Dentro de ese Orden y Leyes universales está el «honrar al padre y a la madre».
Ser madre o padre no es un oficio, es un estado, que comienza a «gestarse» con el nacimiento del hijo y va tomando forma y realidad cada día, a la par que el hijo crece y se desarrolla.
El reconocimiento y respeto por las personas que nos han dado la vida, sin entrar en enjuiciarlos, nos hace cabales como individuos, nos proporciona la cualidad de completitud. Pero esto recién lo comenzamos a entender cuando nosotros mismos nos convertimos en padres y madres y entramos en el proceso, muchas veces doloroso, de deducir su verdadero significado, en toda su extensión y profundidad.
La mujer gesta y alumbra al recién nacido, -el bien supremo-, y se convierte entonces en madre. Es esa cualidad y atributo lo que los hijos deben respetar y agradecer, independientemente de si ha sido «buena o mala» madre o padre.

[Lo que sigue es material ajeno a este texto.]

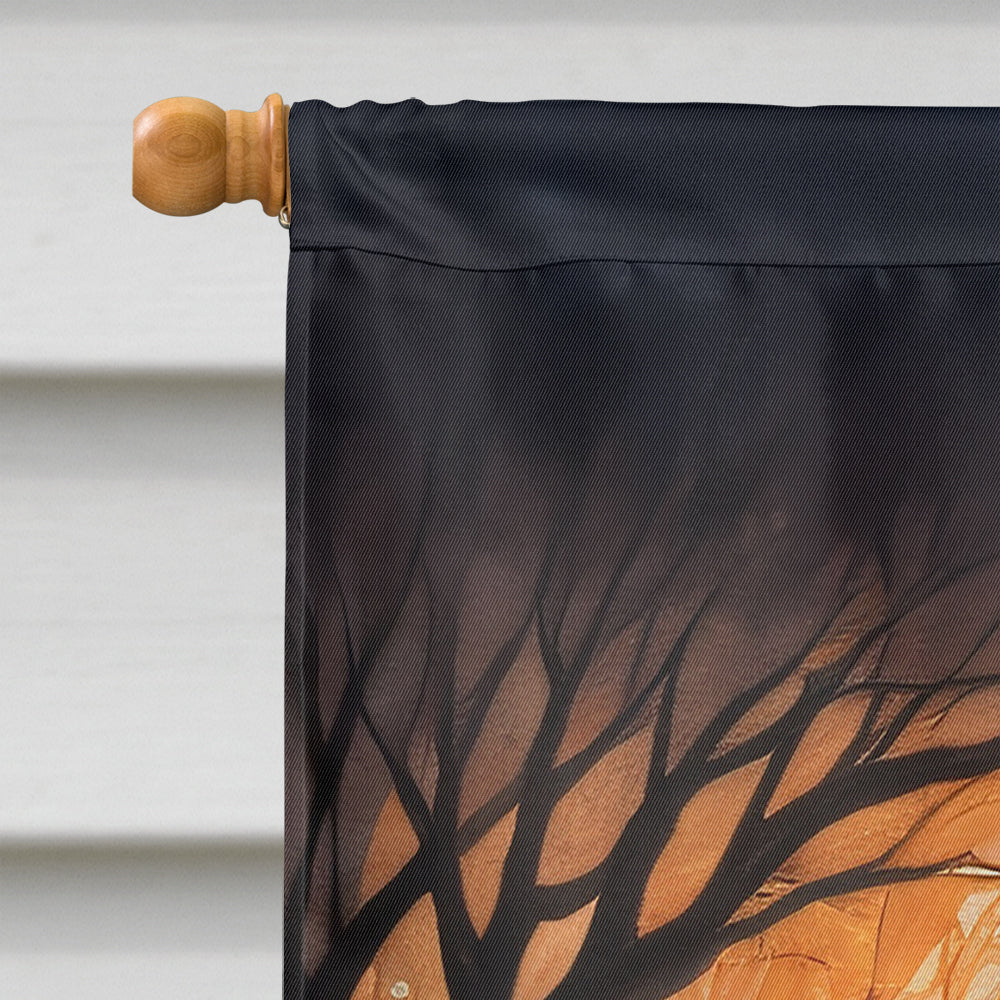 A Chocolate Labrador Retriever sits in a cemetery surrounded by carved pumpkins with glowing faces. Tombstones and bare trees loom in the background, while a Spooky Halloween House Flag featuring the dog waves gently, enhancing the spooky atmosphere.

Para que en una persona haya un desarrollo completo debe integrar interiormente a ambos progenitores. Desde ese registro consciente, como eslabón de un parentesco de sangre, uno debe asumir su identidad y reconciliarse de forma total consigo mismo y con los que fueron dadores de su vida -haya sido consciente o inconsciente de ello-. Este es un proceso curativo para limpiar y liberar patrones emocionales que benefician inclusive a las próximas generaciones.

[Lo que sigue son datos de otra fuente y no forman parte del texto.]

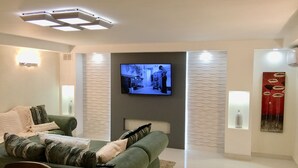 A modern living room with a flat-screen TV mounted on the wall, a green sofa with patterned cushions, and a decorative wall piece. - La Porta Della Casa (Prospect)
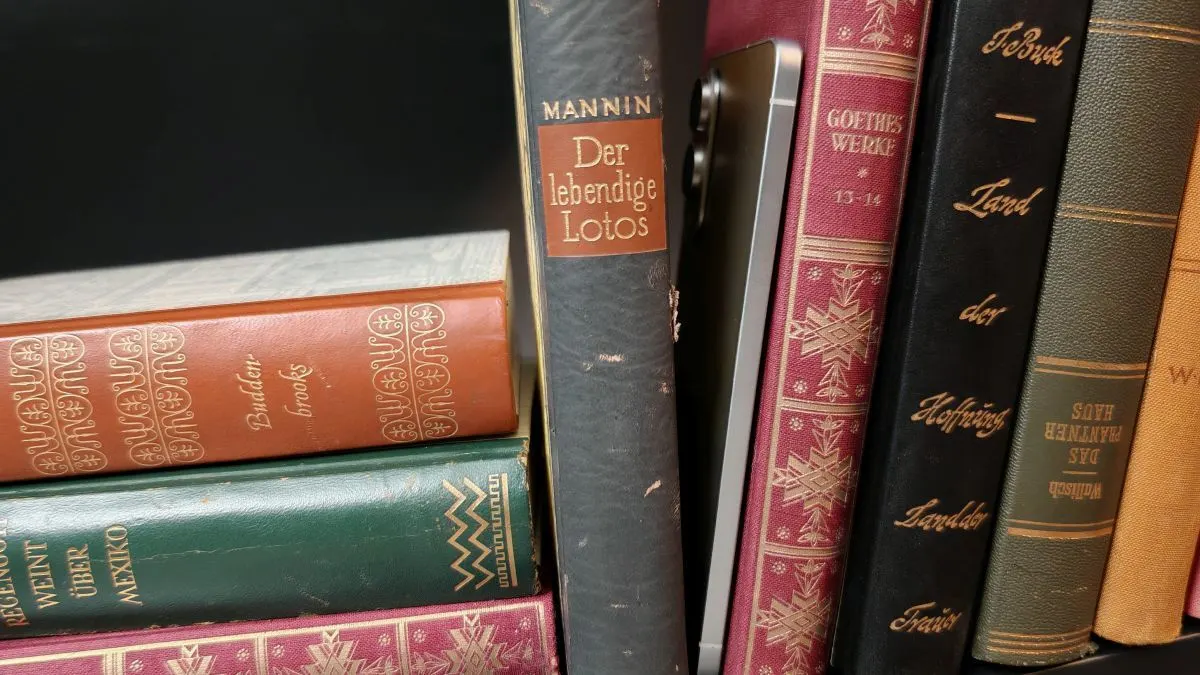 Das Galaxy S25 Edge steht neben anderen Büchern in einem Bücherregal.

No le corresponde a los hijos juzgar a los padres. Porque las relaciones pueden romperse, podemos darle la espalda, pero el vínculo es permanente, perpetuo. El respeto hacia nuestros progenitores es fundamental para sentir paz en el propio corazón. El reconocimiento y agradecimiento es esencial para que la llama del Amor permanezca viva y se extienda.